Porting libffi to pure WebAssembly

17 March 2022 — by Cheng Shao

As a part of Tweag’s ongoing effort to add WebAssembly code generation GHC, we need to compile GHC’s runtime system to WebAssembly. The libffi library to pure WebAssembly is an essential dependency of the GHC runtime: it is used to pass Haskell functions as callback to C functions. As the implementation of libffi depends on the platform, we’ve had to port it to WebAssembly.

This blog post introduces libffi, the challenges to make it work with WebAssembly, demonstrates our implementation, and also explains how it’s used by GHC runtime. I hope our implementation can be useful for other people porting projects to WebAssembly (especially wasm32-wasi).

What `libffi` is about

libffi is a C library that provides an interface to perform indirect function calls, where the function’s type signature is only known at run-time instead of compile-time. This is a common use case when implementing an interpreter that supports calling C foreign functions from the interpreted language. GHC’s bytecode interpreter is an example, we will need it to support running GHCi in WebAssembly.

Consider a minimal example. A C function fib is exported by the dynamic library libfib.so:

int fib(int n);

In order to call fib in their language, the user code would provide the library name, the C function name, and the expected type signature. Using the system’s dynamic linker, it’s easy to load the specified library and obtain the code pointer that corresponds to fib:

// library & function names can't really be literals, this is just for simplicity
void *lib = dlopen("libfib.so", RTLD_LAZY);
void *fib = dlsym(lib, "fib");

Now, we have fib as an opaque code pointer. How do we invoke the fib function, pass the arguments and obtain the result? Remember, fib’s type signature is not known at compile-time of the interpreter, so we can’t cheat by merely coercing fib to the C function pointer type and then performing the call:

int arg = 5;
int res = fib(arg); // not gonna work
int res = ((int*)(int))fib(arg); // cheating!

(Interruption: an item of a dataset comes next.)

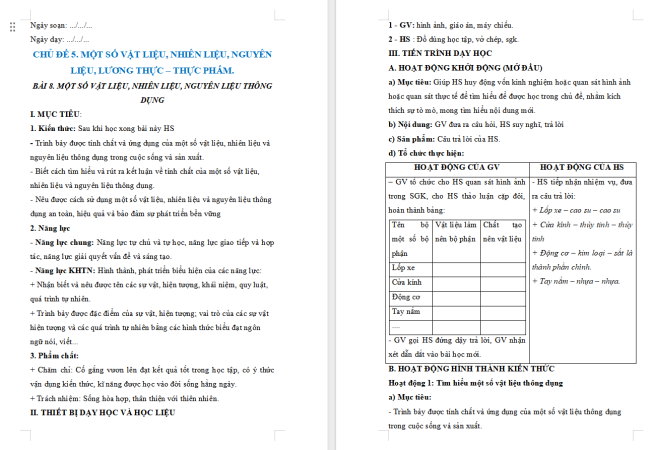Giáo án Khoa học tự nhiên 6 Bài 8: Một số vật liệu, nhiên liệu và nguyên liệu thông dụng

This is where libffi comes to rescue. It allows you to construct RTTI(run-time type information) for C functions, perform a function call using that RTTI and a run-time allocated argument vector, then obtain the result if there is any:

ffi_cif cif; // the run-time type information
ffi_type *arg_tys[] = { &ffi_type_sint }; // the argument types
ffi_prep_cif(&cif, FFI_DEFAULT_ABI, 1, &ffi_type_sint, arg_tys); // populate the run-time type information

int arg = 5;
void *arg_vals[] = { &arg }; // the argument pointer array
int res; // the result value
ffi_call(&cif, fib, &res, arg_vals); // perform the call

printf("fib(%d)=%d\n", arg, res);

`libffi` and WebAssembly

The implementation of ffi_call is deeply platform-dependent. For each supported platform, it needs to implement to the C ABI’s calling convention: given a function’s type signature, where are the arguments/result placed (in certain registers, and/or on the stack), how to arrange the return code address, etc.

The problem is, WebAssembly C ABI doesn’t look like any other platform!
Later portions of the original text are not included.